Dimensions, attributes, and support
- Depending on the data that we are dealing with (discrete or continuous), we may have the following data structures:
- time series, depicted as time lines for functions of time
- image or raster data for two-dimensional spatial data
- time sequences of images for dynamic spatial data (spatio-temporal array or data cube)
- time series, depicted as time lines for functions of time
Here, a variable Z depends on x,y, and t. The variables from the range (x,y,t) are the cube dimensions.
\[ Z = f(x,y,t) \]
\[ \{ Z_1, Z_2, ..., Z_p \} = f(x,y,t) \]
And if we have multiple time dimensions then we represent each with \(D_x\). For example, when we are splitting time in years, day-of-year, hour-of-day.
\[ \{ Z_1, Z_2, ..., Z_p \} = f(D_1, D_2, ... , D_n) \]

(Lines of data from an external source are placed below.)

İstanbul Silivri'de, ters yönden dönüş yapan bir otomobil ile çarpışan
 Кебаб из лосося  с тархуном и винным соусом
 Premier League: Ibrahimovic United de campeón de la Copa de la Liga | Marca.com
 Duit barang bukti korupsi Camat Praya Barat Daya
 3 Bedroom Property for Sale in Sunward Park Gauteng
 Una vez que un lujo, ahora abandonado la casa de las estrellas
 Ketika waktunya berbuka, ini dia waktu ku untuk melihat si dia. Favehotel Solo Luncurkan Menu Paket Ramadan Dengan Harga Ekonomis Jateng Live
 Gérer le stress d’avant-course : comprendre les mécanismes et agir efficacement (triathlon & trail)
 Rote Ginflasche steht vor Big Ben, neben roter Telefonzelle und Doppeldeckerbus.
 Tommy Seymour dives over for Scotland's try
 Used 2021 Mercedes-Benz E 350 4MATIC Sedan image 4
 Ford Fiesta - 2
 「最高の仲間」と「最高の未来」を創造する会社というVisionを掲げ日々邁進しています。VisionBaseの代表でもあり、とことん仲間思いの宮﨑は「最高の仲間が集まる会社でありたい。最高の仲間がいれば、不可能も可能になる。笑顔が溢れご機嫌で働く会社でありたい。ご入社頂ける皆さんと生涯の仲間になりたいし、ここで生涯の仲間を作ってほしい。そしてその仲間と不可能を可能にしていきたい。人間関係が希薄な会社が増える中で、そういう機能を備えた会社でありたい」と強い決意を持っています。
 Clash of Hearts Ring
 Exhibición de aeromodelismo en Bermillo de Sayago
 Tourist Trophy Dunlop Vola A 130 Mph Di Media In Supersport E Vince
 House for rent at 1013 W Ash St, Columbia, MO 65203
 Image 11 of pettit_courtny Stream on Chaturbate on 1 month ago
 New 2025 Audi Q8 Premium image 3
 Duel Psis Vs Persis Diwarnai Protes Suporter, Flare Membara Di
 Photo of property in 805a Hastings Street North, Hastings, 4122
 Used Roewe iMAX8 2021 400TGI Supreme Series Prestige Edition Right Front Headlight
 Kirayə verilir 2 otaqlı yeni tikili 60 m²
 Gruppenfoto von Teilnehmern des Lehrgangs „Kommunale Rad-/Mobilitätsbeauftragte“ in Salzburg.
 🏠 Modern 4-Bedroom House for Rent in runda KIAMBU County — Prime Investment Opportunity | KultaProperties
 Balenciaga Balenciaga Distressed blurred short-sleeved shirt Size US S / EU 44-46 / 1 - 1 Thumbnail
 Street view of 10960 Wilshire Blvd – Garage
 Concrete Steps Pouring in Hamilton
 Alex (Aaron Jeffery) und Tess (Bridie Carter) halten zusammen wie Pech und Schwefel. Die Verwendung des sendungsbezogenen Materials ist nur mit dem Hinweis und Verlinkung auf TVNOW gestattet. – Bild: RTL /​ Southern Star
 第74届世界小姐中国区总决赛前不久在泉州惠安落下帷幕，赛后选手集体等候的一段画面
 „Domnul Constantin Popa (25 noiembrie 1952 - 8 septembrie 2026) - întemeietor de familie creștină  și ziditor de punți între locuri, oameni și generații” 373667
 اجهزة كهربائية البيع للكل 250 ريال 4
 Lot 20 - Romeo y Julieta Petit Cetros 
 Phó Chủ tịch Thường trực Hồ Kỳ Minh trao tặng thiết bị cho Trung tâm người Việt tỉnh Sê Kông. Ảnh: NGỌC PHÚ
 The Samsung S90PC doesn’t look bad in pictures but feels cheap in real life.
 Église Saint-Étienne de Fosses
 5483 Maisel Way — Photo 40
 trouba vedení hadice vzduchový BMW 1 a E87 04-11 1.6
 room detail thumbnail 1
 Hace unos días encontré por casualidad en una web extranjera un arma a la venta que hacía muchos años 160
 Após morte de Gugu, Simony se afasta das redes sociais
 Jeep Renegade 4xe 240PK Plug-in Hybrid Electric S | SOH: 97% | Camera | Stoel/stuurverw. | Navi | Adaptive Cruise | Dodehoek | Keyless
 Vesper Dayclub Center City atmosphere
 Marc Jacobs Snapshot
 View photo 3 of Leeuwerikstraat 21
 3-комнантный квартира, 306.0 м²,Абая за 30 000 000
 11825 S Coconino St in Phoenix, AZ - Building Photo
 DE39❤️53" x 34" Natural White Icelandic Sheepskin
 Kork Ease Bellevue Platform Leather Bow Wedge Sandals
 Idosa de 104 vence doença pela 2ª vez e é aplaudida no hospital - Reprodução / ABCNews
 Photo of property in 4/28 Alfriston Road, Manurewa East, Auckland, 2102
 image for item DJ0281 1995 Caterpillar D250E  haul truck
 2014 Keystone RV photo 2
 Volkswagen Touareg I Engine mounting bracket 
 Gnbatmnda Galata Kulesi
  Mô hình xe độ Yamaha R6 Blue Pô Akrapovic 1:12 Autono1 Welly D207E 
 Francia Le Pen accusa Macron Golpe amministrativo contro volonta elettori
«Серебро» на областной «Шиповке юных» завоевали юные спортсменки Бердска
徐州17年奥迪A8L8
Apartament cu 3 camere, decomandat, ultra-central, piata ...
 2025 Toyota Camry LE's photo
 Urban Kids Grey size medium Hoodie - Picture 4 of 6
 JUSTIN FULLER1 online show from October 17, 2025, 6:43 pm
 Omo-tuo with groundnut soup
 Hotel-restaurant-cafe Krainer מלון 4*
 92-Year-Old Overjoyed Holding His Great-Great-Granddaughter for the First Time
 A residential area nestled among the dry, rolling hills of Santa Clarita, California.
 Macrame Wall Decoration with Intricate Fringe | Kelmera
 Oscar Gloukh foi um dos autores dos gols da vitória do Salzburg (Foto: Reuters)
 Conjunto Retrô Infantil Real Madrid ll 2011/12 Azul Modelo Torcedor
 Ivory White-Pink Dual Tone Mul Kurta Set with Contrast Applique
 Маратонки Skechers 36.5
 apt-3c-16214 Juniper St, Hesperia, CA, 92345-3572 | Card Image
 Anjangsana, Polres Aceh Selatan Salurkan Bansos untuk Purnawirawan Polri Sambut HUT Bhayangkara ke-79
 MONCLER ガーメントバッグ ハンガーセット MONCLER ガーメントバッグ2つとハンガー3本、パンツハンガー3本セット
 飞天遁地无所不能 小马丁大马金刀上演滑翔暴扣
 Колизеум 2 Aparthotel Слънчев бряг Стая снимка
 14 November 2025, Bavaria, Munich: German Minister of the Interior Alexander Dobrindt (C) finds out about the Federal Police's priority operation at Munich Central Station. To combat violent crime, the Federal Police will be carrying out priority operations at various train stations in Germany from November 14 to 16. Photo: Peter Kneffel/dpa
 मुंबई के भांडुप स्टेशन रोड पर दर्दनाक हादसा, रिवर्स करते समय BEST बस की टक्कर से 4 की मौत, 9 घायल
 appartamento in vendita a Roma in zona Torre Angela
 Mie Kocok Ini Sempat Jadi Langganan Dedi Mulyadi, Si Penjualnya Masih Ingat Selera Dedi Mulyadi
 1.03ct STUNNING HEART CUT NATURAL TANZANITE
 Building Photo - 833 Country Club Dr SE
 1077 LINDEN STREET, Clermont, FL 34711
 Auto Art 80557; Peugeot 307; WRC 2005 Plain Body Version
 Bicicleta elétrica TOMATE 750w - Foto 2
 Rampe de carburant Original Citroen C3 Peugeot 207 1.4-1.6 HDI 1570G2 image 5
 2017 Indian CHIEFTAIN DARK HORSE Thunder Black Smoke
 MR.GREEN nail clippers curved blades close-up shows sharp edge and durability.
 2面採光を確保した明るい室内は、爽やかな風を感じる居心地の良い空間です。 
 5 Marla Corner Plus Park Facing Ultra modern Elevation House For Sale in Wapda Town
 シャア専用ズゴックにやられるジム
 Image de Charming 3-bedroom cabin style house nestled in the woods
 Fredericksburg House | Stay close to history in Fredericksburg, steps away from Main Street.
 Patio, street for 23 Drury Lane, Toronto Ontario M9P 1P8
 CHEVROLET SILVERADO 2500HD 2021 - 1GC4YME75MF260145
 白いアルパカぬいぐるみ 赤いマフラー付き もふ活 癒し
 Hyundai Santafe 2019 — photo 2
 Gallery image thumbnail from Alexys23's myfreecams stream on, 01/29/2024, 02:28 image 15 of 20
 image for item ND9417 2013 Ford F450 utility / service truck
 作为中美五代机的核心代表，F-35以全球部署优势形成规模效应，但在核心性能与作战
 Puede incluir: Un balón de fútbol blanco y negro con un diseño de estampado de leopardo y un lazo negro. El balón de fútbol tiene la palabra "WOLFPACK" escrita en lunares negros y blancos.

We deal with datasets with one or more space dimensions and zero or more time dimensions as data cubes:
simple features
time series for sets of features
raster data
multi-spectral raster data (images)
time series of multi-spectral raster data (video)
Operations on data cubes
Slicing a cube: filter
- Data cubes can be sliced into sub-cubes by fixing a dimension at a particular value.